Infrastructure Lessons-learned

Posted on 19 May 2021 by Jeff Wagner

It’s been more than a year since our last blog post, far longer than we could reasonably blame on lockdowns. This post will be an update after a year of software development and operational lessons-learned. In some ways this post may be interesting for an actual software person to read, since getting myself to this point required so many years of biology, chemistry, physics, and CS, that I never formally learned software engineering or project management, yet those have gradually become my primary roles in the organization. So, I hope this is at least funny. Subsequent posts from other team members will probably have more data and science, and be a bit more interesting!

OpenFF’s transition to fully remote

OpenFF was fairly well-positioned for the transition to remote work – Even before COVID, I had learned to avoid sitting on a bus during rush hour by scheduling meetings with folks in Europe and NYC in the morning, and only hopping on the bus afterwards. I’m excited to head back to the labs in the next few months (especially when that commute involves the Pacific Surfliner!), but OpenFF has made a very real transition to a remote organization. In the background of Zoom calls, I’ve been treated to the forests of New Zealand, the rolling hills of Germany, the mountain snow in Colorado, and had a technical walk-and-talk around San Diego while Matt showed me around a winter wonderland in Iowa. It’s also been a year of really hard, fairly unrelenting work, and the piper will be paid later in 2021 when everyone takes a pandemic’s worth of vacation at the same time.

Code review culture

Pull request (PR) reviews are a widely-accepted “good coding practice”. However, they take additional work to request and document, end up splitting your and someone else’s attention, and delay you from moving your mind fully to the next thing.
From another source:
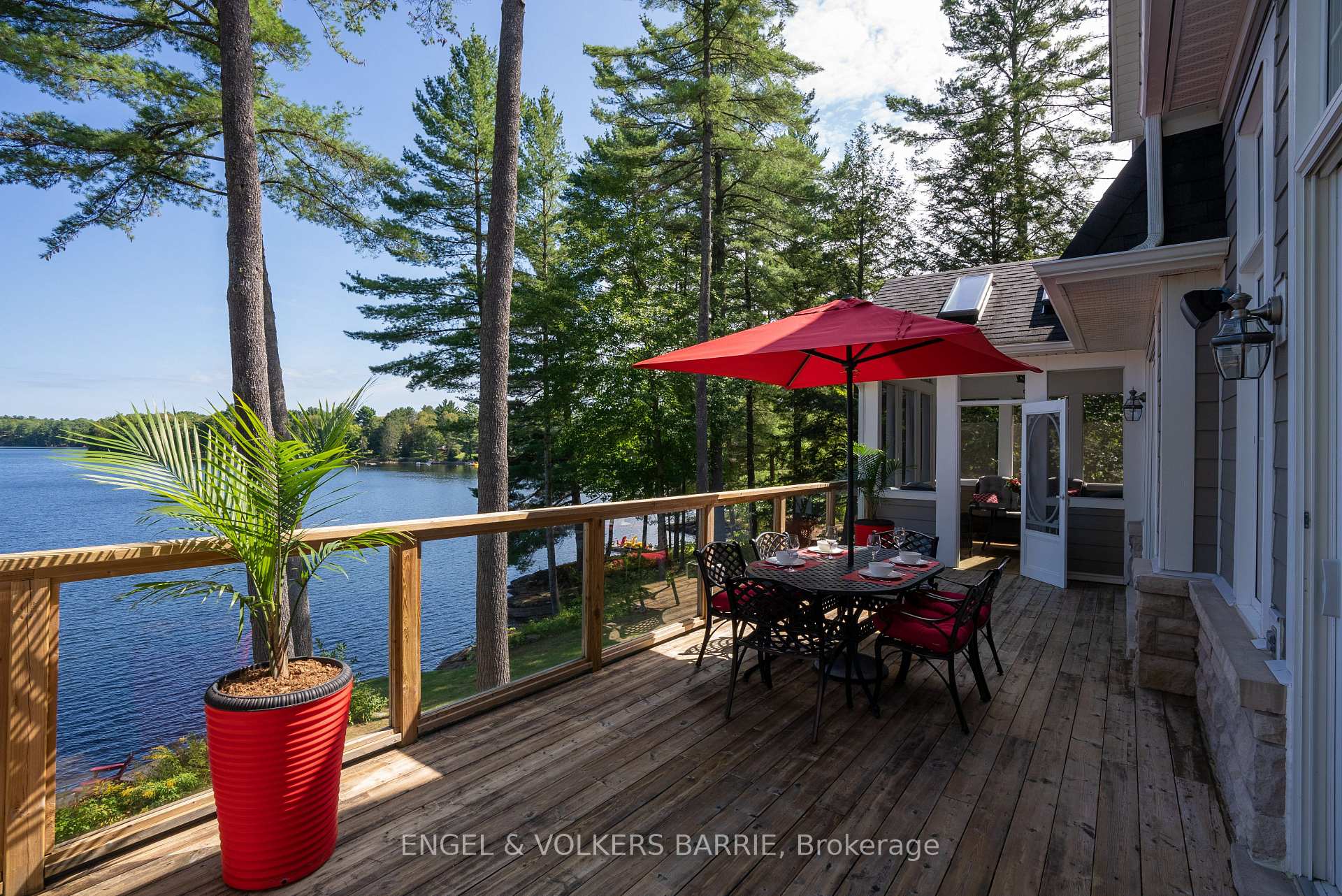 1043 Fortunes Trail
The vast majority of trainees in computational sciences (myself included) earned their PhD through years of solo development, and so it’s jarring to start budgeting technical and emotional effort toward performing and requesting code reviews.

Also, the complexity of our specific domain adds to the cost of code reviews. In theory, PR reviews are supposed to yield quick, useful feedback like:

Nice work! Be sure to lowercase the user input before you evaluate whether it matches a known value :)

Here’s a safer parsing method that can handle Windows newline characters. Have a great day!

Instead, there’s something mystical and confusing about the domain of chemistry that morphs these comments into:

Very cool! But you can’t just parse the first character of a PDB atom type to get the element because then you can’t
tell the difference between S and Se in (seleno)methionine. Sorry about that, could you redo your last three weeks
of work and add a test for MSE? :-/

or a slurry of jargon, memes, and insults that reads like:

(blocking) meaningfully compare two connection tables without an aromaticity model you cannot. 9-substituted
fluorenes you must kekulize until your understand, padawan, otherwise fall for the lies of the stereocenter you shall

We even had a weird experimental phase where, inspired by the use of “DangerBot” in other repos to randomly assign each PR a reviewer from the organization, we tried our hand at it. Turns out people are working on really complicated stuff that takes a long time to understand, and that being randomly assigned to review a complex change to a complex codebase is not a task that can be reasonably completed in an afternoon. Further, as a reviewer, requesting changes (the alternative to approving the PR) is deeply unrewarding as it makes the submitter do more work, and then requires your time and focus again in a few days to re-review. So there initially weren’t many incentives to requesting or doing PR reviews.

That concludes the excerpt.